The creation of the Dell Medical School at The University of Texas at Austin presents a rare opportunity to design a new medical school curriculum that will advance the professional skills of physicians who serve the ethnically diverse and often underserved patient populations of our state. The school can do this by focusing on the field of social medicine, which concentrates on building collaborative relationships between physicians and ethnic minority patients. Achieving this goal will require an interdisciplinary approach to patient care that calls on professional expertise from outside the medical community, an approach that members of the University community have already shown support for. 

For example, UT’s College of Liberal Arts has forwarded to the medical administrators in charge of planning the new medical school a detailed proposal describing the contributions the college’s faculty can make to both research and teaching when the first class of medical students arrives in the fall of 2016.  

In addition, the College of Liberal Arts, in partnership with UT’s University Health Services and the Seton Healthcare Family, sponsored a conference on Sept. 23-24 titled “Addressing Racial/Ethnic Health Disparities: Best Practices for Clinical Care and Medical Education in the 21st Century.” Leading experts from around the country donated their services to this event and participated in meetings to assist in developing an optimal curriculum for a pioneering medical school that will offer state-of-the-art services for traditionally underserved and neglected patient populations.

These neglected patient populations consist primarily of African Americans and Latinos. Many vulnerable patients in these populations do not understand how to navigate the health care system and would be well served by the outreach programs an innovative medical school can provide.

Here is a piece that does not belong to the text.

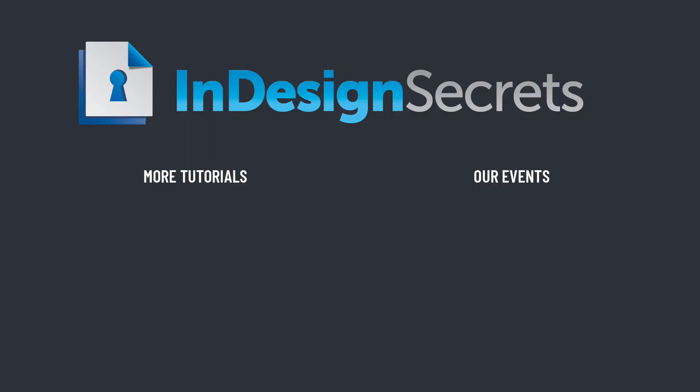And that's it for this episode of InDesign Secrets. Be sure to check out InDesignSecrets.com for thousands of InDesign articles and tutorials. Or even better, come to the InDesign conference sometime. It is the essential event for every InDesign user. Thanks for learning with us.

Moreover, many African Americans remain estranged from the American medical establishment due to generations of medical racism that have been ignored in past and present medical curricula. Medical students need to know that racially motivated diagnoses and treatments of black patients have ranged across the entire spectrum of medical sub-disciplines, from cardiology to obstetrics to psychiatry and beyond. They need to know about the oral traditions that flourish in medical schools that can convey potentially dangerous medico-racial folklore that persists over generations of medical students and the physicians who teach them. Well-prepared medical educators can also address analogous medical beliefs about other minority groups, such as Latinos, and thereby earn the trust of these communities, the latter of which is an essential step in building a healthier Texas. 

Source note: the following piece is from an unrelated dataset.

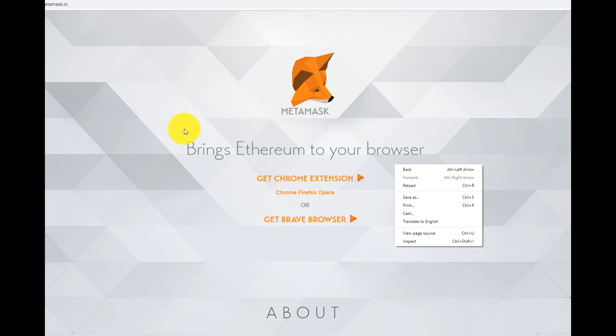Hello, I'll show you how to create a wallet in MetaMask. So let's start.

It is not surprising that American medical education has not embraced the analysis of racially motivated medical thinking. “The general awkwardness surrounding racial issues in our society bleeds into medicine,” the prominent African-American cardiologist Clyde Yancy observed in 2009. The racial attitudes of medical personnel thus resemble those of the general population. Years of research on “racial health disparities” have concentrated on sociological data rather than the crucial issue of how doctors think about human diversity.

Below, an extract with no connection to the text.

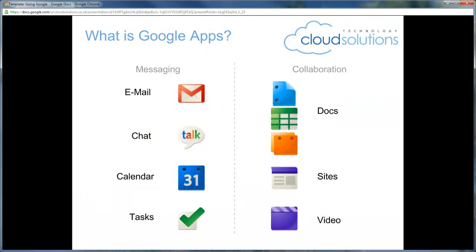Google Apps is a set of business productivity tools, including email, calendar, the ability to create and share documents, and so on.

No medical culture that is cut off from America’s social realities can understand what it must do about race relations in medicine.

For many years American medical schools have used “cultural competency” training to address race and ethnic issues in medicine.  The general consensus is that these programs have been ineffective, because they are superficial and often lack the support of medical administrators.

However, the Dell Medical School has an opportunity to change this. The University’s outreach program to address the medical needs of these communities includes two important partners. UT’s Center for Mexican American Studies has been a special priority of President William Powers, Jr. and will contribute to developing medical training that will improve care for Latino patients. The Center for the Elimination of Disproportionality and Disparities (CEDD) at the Texas Department of Health and Human Services Commission does important medical outreach work throughout the state. 

The Dell Medical School can and should create a medical curriculum that sets a new standard for the training of doctors who are much better prepared than their predecessors to understand and effectively treat their minority patients. Dr. Jerome Groopman, the Harvard oncologist and best-selling author of “How Doctors Think,” wrote of his own medical training: “I cannot recall a single instance when an attending physician taught us to think about social context.”

The Dell Medical School will be in a position to revolutionize the social dimension of medical education if and when its leadership chooses to do so. University of Texas faculty stand ready to contribute to making this vision a reality.

Hoberman teaches in UT’s College of Liberal Arts and is the author of “Black & Blue: The Origins and Consequences of Medical Racism.”